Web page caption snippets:
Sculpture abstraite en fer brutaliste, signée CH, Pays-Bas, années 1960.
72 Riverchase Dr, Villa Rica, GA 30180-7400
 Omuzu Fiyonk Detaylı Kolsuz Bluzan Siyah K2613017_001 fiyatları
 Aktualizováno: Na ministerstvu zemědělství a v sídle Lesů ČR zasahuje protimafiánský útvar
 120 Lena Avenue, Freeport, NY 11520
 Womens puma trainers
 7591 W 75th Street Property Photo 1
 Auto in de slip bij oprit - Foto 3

The task: Write out exactly the lines from the one with "Womens puma trainers" through the end of the records above, both ends included, and leave out all other lines.

Expected answer:
 Womens puma trainers
 7591 W 75th Street Property Photo 1
 Auto in de slip bij oprit - Foto 3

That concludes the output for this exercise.